Lago Assal: l’inferno climatico dell’entroterra
Se la situazione nelle aree urbane è stata eccezionale, quella nelle zone interne ha raggiunto livelli quasi inimmaginabili. Nell’area del Lago Assal, una depressione naturale situata a 155 metri sotto il livello del mare – il punto più basso dell’Africa – si sono registrate temperature vicine ai 50°C. In questa zona desertica, che già in condizioni normali è tra le più calde del pianeta, si stima che i valori percepiti abbiano sfiorato i 56-57°C, complice anche l’umidità relativa presente in alcune ore della giornata.
Questi livelli estremi pongono seri problemi alla vivibilità ambientale e rappresentano una sfida concreta per chi abita, lavora o si muove in queste regioni durante l’estate.
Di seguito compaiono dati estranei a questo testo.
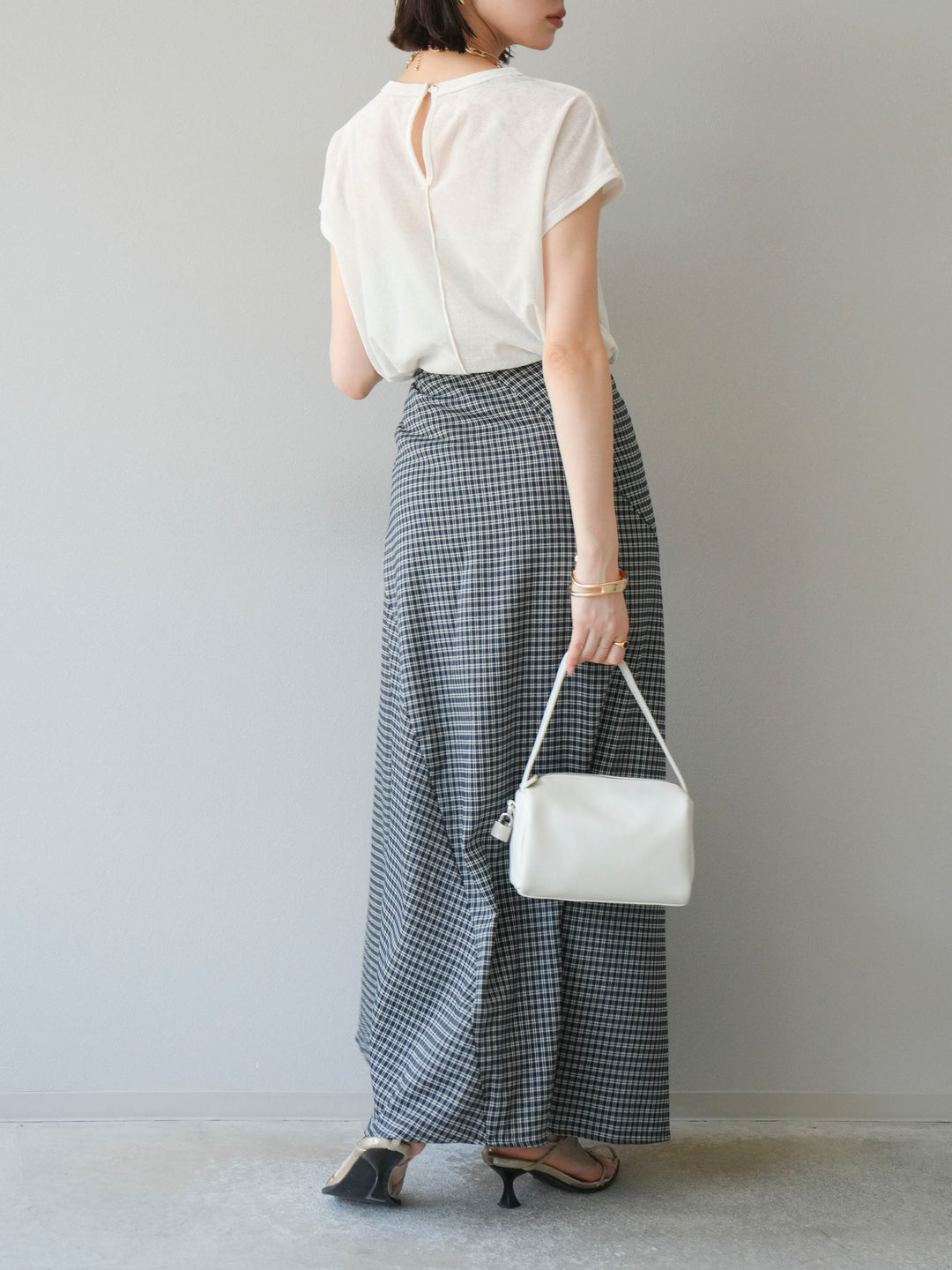 [予約]サイド巻きツイルスカート/チェック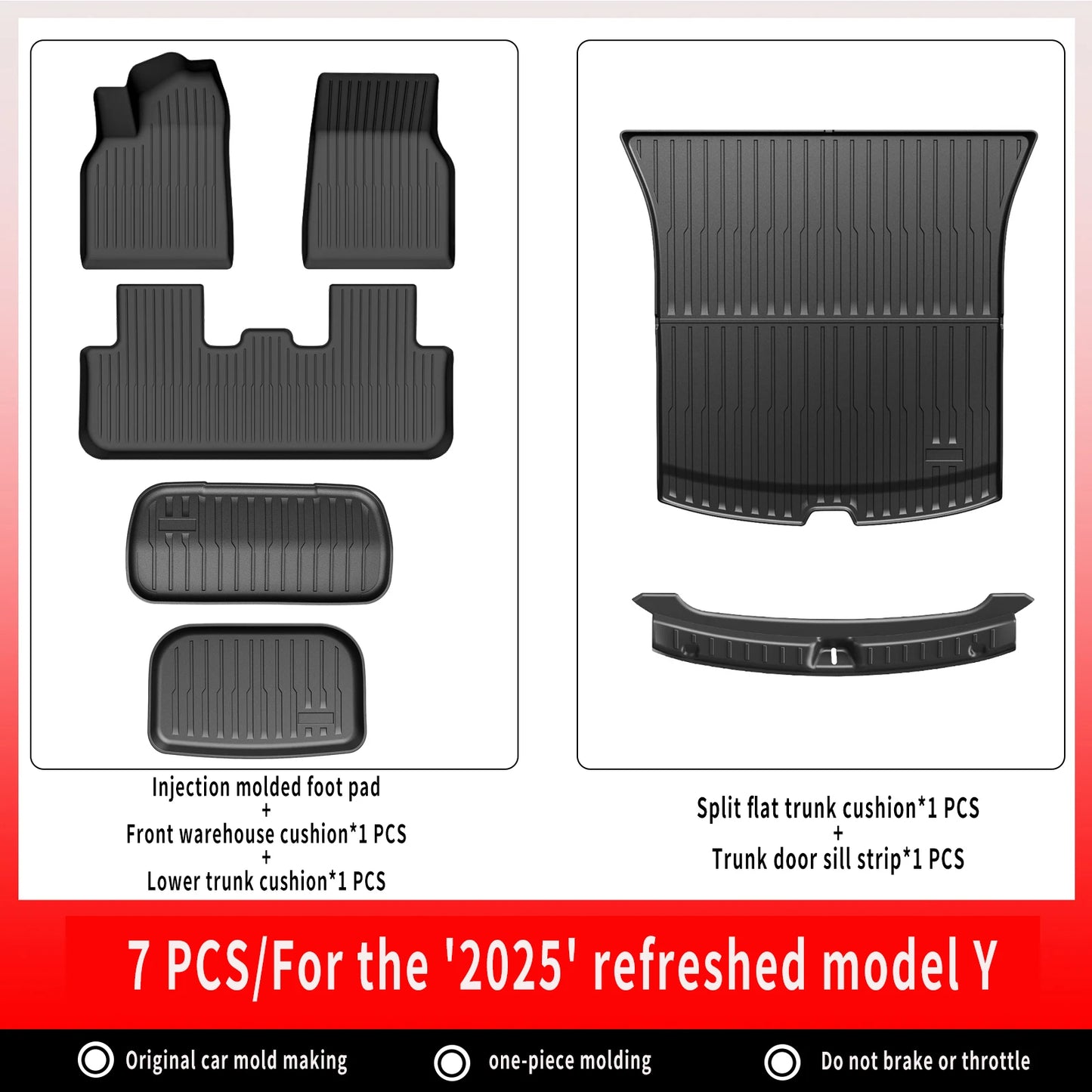 TPE Car Floor Mats For New Tesla Model Y 2025 Juniper Luggage Mat Set Waterproof Anti-slip Trunk Mats Floor Liner Backrest Mats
Contesto climatico: perché Gibuti è tra i luoghi più caldi del mondo
La Repubblica di Gibuti è situata in una delle fasce climatiche più aride e torride del pianeta. Il clima locale è classificato come desertico caldo, caratterizzato da precipitazioni molto scarse e temperature elevate per gran parte dell’anno. Nei mesi tra maggio e agosto, le massime si collocano abitualmente tra i 35 e i 49°C, con punte che possono superare i 50°C in particolare nelle aree interne e a bassa altitudine come il Lago Assal.
Giugno è il mese statisticamente più caldo per la capitale e la costa: ciò rende ancora più straordinaria l’ondata di calore del 2025, che ha amplificato una condizione climatica già estrema in partenza.
Impatto su popolazione e infrastrutture
Un evento di tale portata ha messo sotto pressione sia la popolazione locale sia le infrastrutture. La mancanza di un abbassamento notturno delle temperature ha contribuito all’accumulo di calore, rendendo inefficaci i normali meccanismi di termoregolazione umana e mettendo a rischio la salute pubblica. Il caldo notturno, in particolare, è considerato un fattore aggravante nei casi di colpo di calore e disidratazione.
Inoltre, l’aumento della domanda di energia elettrica per il raffrescamento, unito alla scarsità di risorse idriche, ha complicato la gestione delle risorse nei centri abitati, evidenziando i limiti delle infrastrutture in un contesto climatico sempre più stressato.
Conclusioni: un segnale inequivocabile dal clima estremo
L’ondata di caldo che ha colpito Gibuti nel giugno 2025 si inserisce nel quadro più ampio del riscaldamento globale e della maggiore frequenza di eventi meteorologici estremi. Le temperature notturne record, i picchi di calore diurni e le condizioni insostenibili registrate anche in zone come il Lago Assal rappresentano un monito per tutto il Corno d’Africa e non solo.
Gibuti, già noto per essere uno dei luoghi più caldi del mondo, ha vissuto uno degli episodi meteo più estremi della sua storia. Un evento che sottolinea l’urgenza di strategie di adattamento climatico anche nelle regioni meno raccontate, ma sempre più colpite dagli effetti della crisi climatica globale.